● WORK TO BE COMPLETED: In the entries below, find the line with "imageFlygo Women Fuzzy" and the line with "Urban Outfitters red/orange", then retype both and everything between them exactly. Do not copy the pictures.

● GIVEN INFORMATION:
§ §

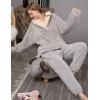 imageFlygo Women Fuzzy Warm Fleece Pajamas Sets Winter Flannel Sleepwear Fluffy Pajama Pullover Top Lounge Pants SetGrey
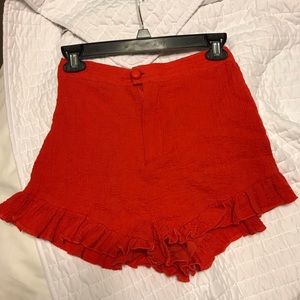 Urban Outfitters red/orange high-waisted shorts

§ §

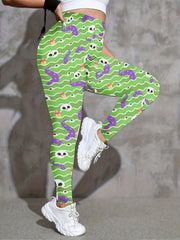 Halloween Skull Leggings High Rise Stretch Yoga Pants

§ §

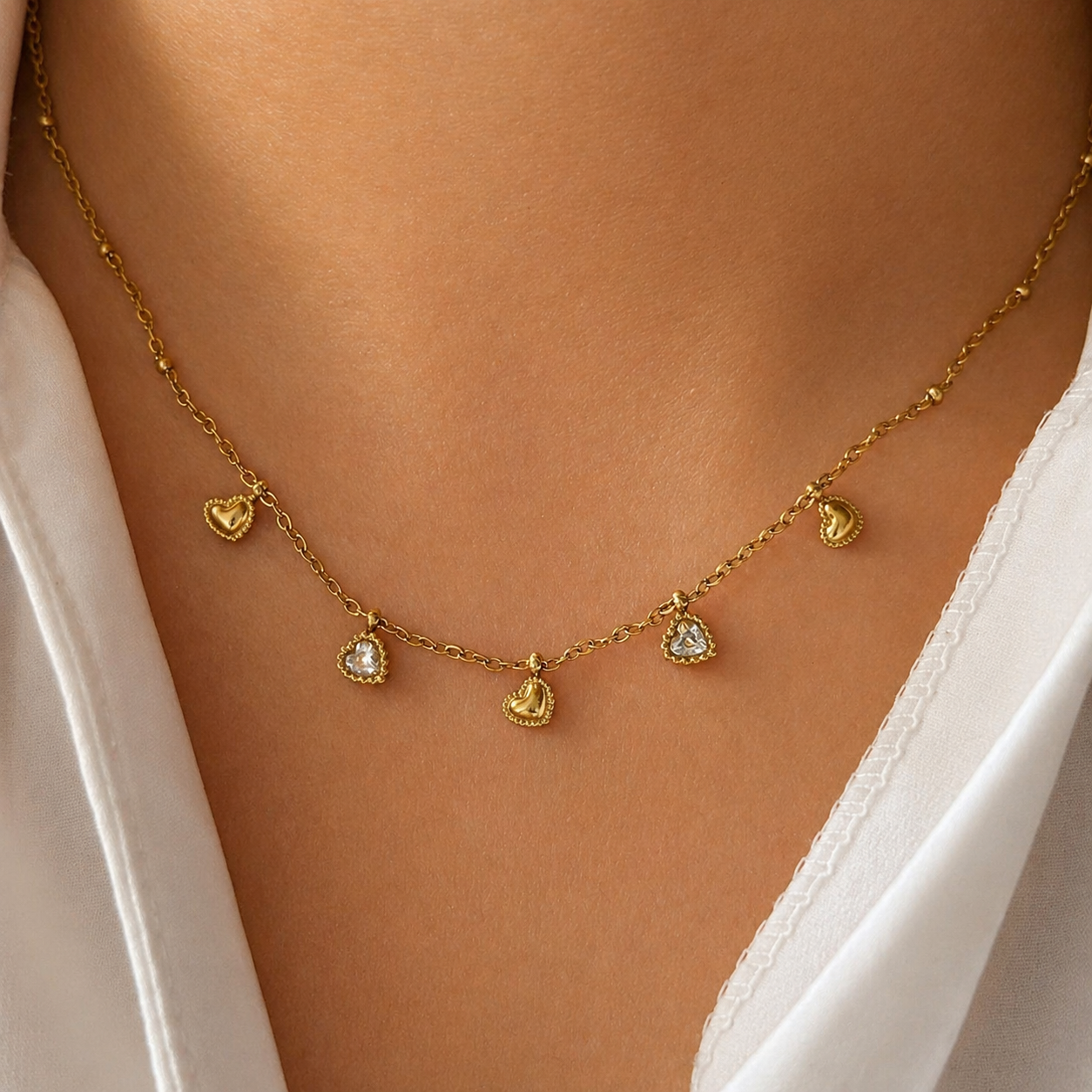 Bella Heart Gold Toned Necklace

§ §

● RESPONSE BELOW:
 imageFlygo Women Fuzzy Warm Fleece Pajamas Sets Winter Flannel Sleepwear Fluffy Pajama Pullover Top Lounge Pants SetGrey
 Urban Outfitters red/orange high-waisted shorts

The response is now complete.